Below are entries; copy exactly the lines from the one with "Shirt Chest Pocket Shirt" through the one with "عینک افتابی ریبن مدل rayban rb2241 اورجینال", both included, and leave out the rest.

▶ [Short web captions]
==*==

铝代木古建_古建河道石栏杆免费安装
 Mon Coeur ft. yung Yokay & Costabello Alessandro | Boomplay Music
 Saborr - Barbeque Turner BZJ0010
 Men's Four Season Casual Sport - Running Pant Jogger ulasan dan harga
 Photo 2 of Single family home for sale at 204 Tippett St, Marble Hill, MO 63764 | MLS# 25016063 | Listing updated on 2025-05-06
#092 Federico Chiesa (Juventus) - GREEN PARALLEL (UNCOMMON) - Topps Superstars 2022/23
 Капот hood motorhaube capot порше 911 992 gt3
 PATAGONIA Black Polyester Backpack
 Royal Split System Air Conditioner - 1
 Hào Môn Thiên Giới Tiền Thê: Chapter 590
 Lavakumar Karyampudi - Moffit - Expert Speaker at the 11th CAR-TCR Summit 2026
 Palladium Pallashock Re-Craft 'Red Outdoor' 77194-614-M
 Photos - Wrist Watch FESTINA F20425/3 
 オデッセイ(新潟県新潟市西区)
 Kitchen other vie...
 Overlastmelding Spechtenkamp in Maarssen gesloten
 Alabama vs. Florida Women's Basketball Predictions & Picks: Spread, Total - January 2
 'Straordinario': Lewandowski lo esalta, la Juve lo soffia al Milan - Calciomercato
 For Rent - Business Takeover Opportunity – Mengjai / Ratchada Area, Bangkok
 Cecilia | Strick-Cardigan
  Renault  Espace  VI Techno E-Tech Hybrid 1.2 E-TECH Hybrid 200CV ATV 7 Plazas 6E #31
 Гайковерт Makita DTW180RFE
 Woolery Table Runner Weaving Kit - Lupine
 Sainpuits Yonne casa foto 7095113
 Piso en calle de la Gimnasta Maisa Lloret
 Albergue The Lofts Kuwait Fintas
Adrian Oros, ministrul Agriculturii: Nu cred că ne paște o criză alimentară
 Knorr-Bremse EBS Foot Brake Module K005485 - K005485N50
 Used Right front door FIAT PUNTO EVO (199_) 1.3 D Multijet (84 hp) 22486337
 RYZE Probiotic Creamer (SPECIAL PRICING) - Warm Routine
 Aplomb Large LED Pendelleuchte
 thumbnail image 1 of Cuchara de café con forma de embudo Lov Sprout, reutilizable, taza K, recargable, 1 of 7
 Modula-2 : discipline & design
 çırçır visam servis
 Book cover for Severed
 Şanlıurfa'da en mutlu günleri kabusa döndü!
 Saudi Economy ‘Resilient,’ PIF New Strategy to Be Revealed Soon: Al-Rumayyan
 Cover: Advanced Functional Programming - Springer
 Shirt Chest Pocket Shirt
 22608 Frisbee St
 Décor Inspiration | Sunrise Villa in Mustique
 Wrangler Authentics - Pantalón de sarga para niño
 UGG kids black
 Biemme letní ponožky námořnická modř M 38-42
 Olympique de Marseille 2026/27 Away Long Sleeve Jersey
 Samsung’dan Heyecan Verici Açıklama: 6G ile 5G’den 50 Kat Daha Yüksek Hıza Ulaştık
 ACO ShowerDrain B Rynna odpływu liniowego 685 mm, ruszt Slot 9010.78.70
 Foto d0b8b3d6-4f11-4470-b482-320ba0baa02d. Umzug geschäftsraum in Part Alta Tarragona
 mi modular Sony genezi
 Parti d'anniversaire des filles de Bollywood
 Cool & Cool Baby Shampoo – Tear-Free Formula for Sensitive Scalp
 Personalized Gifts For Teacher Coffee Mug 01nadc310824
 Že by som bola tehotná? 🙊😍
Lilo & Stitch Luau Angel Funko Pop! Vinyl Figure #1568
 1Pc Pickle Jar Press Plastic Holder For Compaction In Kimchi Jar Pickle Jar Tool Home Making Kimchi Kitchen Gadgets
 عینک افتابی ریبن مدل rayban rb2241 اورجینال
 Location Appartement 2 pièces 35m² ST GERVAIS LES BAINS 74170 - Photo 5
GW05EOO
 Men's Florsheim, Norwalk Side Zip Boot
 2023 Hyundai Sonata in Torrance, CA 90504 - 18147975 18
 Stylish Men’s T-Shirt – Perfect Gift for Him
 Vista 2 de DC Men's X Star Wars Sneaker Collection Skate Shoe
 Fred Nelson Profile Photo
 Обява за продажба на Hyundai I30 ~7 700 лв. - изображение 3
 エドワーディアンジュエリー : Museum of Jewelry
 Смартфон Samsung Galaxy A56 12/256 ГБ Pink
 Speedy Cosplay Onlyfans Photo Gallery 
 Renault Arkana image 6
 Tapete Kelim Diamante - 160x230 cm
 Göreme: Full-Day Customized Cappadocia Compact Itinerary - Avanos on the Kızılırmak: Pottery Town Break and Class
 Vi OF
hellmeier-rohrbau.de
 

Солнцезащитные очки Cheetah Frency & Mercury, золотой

==*==

▶ [Answer for this exercise]
 Shirt Chest Pocket Shirt
 22608 Frisbee St
 Décor Inspiration | Sunrise Villa in Mustique
 Wrangler Authentics - Pantalón de sarga para niño
 UGG kids black
 Biemme letní ponožky námořnická modř M 38-42
 Olympique de Marseille 2026/27 Away Long Sleeve Jersey
 Samsung’dan Heyecan Verici Açıklama: 6G ile 5G’den 50 Kat Daha Yüksek Hıza Ulaştık
 ACO ShowerDrain B Rynna odpływu liniowego 685 mm, ruszt Slot 9010.78.70
 Foto d0b8b3d6-4f11-4470-b482-320ba0baa02d. Umzug geschäftsraum in Part Alta Tarragona
 mi modular Sony genezi
 Parti d'anniversaire des filles de Bollywood
 Cool & Cool Baby Shampoo – Tear-Free Formula for Sensitive Scalp
 Personalized Gifts For Teacher Coffee Mug 01nadc310824
 Že by som bola tehotná? 🙊😍
Lilo & Stitch Luau Angel Funko Pop! Vinyl Figure #1568
 1Pc Pickle Jar Press Plastic Holder For Compaction In Kimchi Jar Pickle Jar Tool Home Making Kimchi Kitchen Gadgets
 عینک افتابی ریبن مدل rayban rb2241 اورجینال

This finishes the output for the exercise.